TASK DIRECTIONS :: Begin your copy at the line holding "The bars show" and end it at the last line of the listing. Keep every line exact and leave out the pictures.

DATA RECORDS ::
────
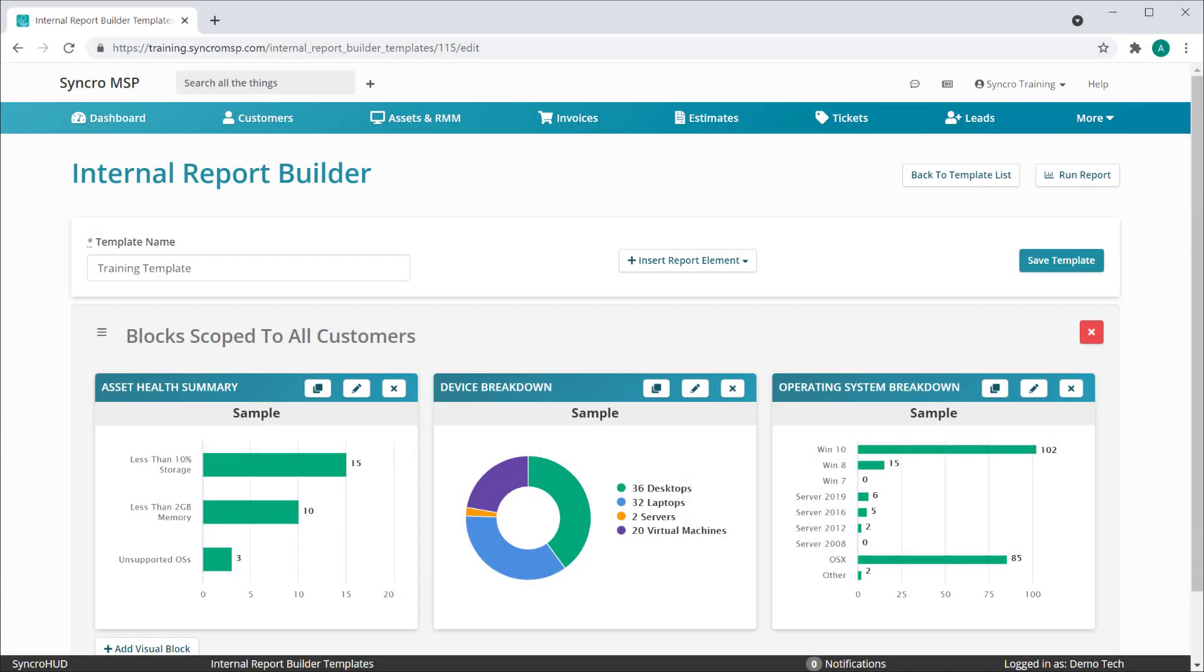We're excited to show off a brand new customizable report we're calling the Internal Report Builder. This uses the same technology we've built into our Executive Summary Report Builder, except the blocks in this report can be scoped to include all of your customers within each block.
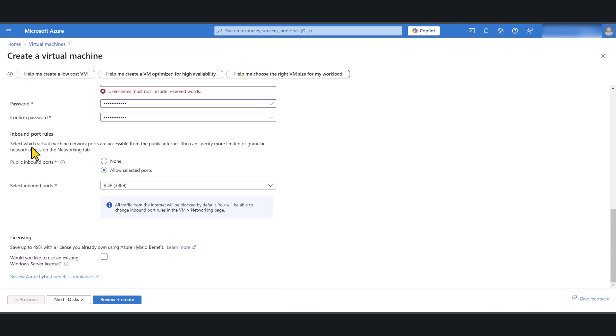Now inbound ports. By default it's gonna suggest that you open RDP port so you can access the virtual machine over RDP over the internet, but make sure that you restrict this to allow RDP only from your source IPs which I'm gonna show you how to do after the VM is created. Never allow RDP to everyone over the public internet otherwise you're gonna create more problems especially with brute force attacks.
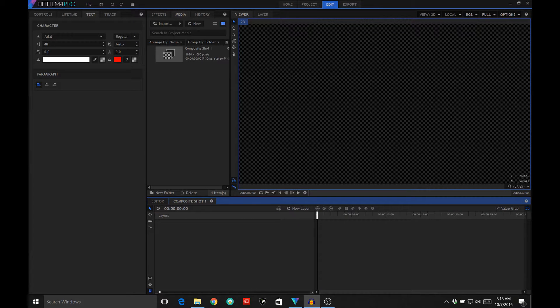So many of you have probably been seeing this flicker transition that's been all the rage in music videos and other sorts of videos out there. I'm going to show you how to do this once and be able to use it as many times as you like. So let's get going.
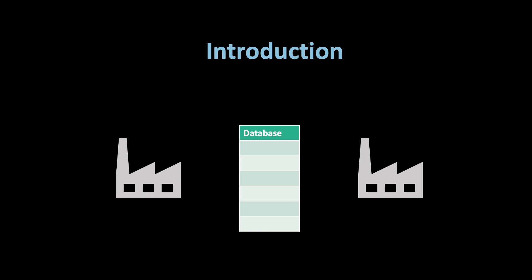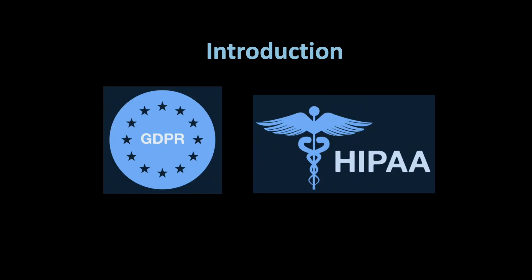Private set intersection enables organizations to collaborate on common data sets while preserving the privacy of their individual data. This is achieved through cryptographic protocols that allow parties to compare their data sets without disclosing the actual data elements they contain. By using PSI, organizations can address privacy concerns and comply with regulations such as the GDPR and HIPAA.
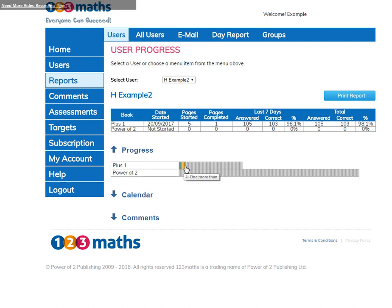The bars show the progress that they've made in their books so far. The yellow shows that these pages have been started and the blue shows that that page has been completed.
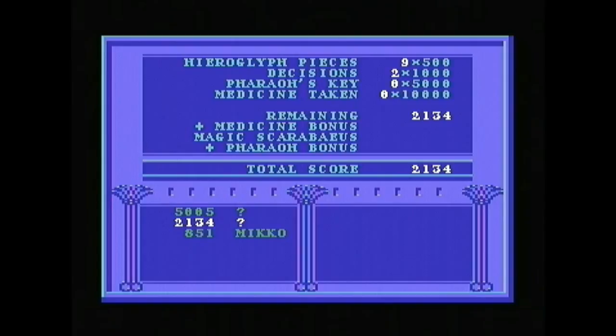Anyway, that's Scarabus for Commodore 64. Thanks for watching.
────
COMPLETED EXERCISE ::
The bars show the progress that they've made in their books so far. The yellow shows that these pages have been started and the blue shows that that page has been completed.
Anyway, that's Scarabus for Commodore 64. Thanks for watching.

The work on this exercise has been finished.